By Thiago Veigga
I believe the most honest way of starting this review is by stating that it is going to be biased. I know both writers of Raise Up and I have a deep admiration for Ilá Coimbra and James Taylor. They are extremely knowledgeable, seriously committed to their professional development and are active members of the ELT community, helping several people through BRAZ – TESOL as well as through personal initiatives. I am going to talk about all the positive things I found in this book and while I am going to touch on some negatives, I have to say that I am strongly supportive of this book and what it represents.
In a way all reviews are biased because we filter whatever it is that we are reviewing through our views of the world. I will be analyzing this book taking my local context into account and why this book is relevant to me. In my country, Brazil, diversity should be taken more seriously.
To begin with, life expectancy for transgender people here is only 33 years. We have one of the highest LGBT+ mortality rates in the world. Police disproportionally kill black people and the president openly encourages them to become even more lethal. Those are just some examples of how tragic consequences arise from a society that has not been taught to respect, study, think critically and empathize with minorities. With this in mind, the mere existence of a book like Raise Up is commendable.
Something that first caught my attention was the layout. One does not expect independently published materials, especially when they are not commercial, to be this good. The book looks very professional and this impacts on teachers and learners alike. As Ilá and James point out at the beginning of the book, coursebooks have authority and I must add that part of this authority is conveyed by a certain kind of aesthetic. The Information is easy to follow, illustrations and pictures are overall of good quality, activities are numbered and color combinations are used in a way that is pleasing to the eye.
Raise Up is a book about diversity without being a book that focuses on diversity. The lessons do not revolve around LGBT+ issues, refugees or any of the other subjects that are listed in the About the book section. Instead, these are inserted in the lessons as part of day-to-day reality. As much as I believe we should openly discuss diversity in our English lessons, I am well aware that it is not a simple task and when teachers do so, they often have to deal with adverse consequences. With this in mind, I understand Ilá and James’ rationale to have an approach that is more towards the normalization of minority groups as part of society. An advantage of this approach is that it gives less room for questioning. For instance, the first lesson is about family and there is a lesbian couple. There is no mention to LGBT+ rights or any discussion that would allow students to voice any prejudices they might have. Unfortunately, if a student feels strongly about one of the minority groups in a lesson, they might still speak up and teachers need to be ready to deal with that. However, if that is the case, the teacher is better able to redirect the focus of the lesson to the overall context much quicker.

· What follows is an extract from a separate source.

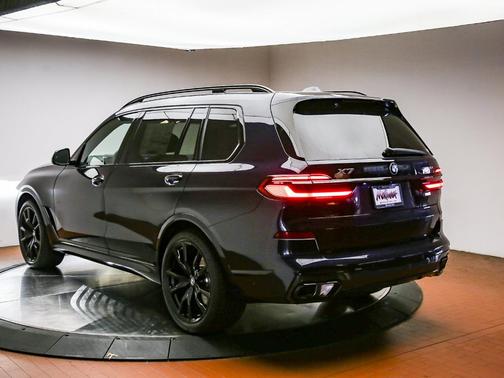 Carbon Black Metallic 2027 BMW X7 xDrive40i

The lesson A long journey talks about refugees and reproduces a Whatsapp conversation between two people, one of them crossing a border in order to go to Europe. In the conversation, some people get lost and I personally found it hard to deal with. I could see my students were uncomfortable and the energy of the room changed drastically. This is not meant to discourage anyone from using this lesson in particular, but it might be a good idea for the teacher to further discuss this issue with students and bring more examples of uplifting refugee stories as well.
All in all, I wholeheartedly recommend Raise Up as a book that you can use to supplement your lessons. As it is actually a collection of lessons from different levels, it cannot be adopted as a regular coursebook. It is important to highlight that 100% of the proceeds go to Casa 1, a shelter that helps not only the LGBT+ community in vulnerable situations, but also locals. It is a beautiful project that needs to receive donations on a regular basis to continue doing an amazing job. As much as there is still hatred and bigotry, we teachers need to do our share to educate people as global citizens. I feel Raise Up is the perfect way to start doing that.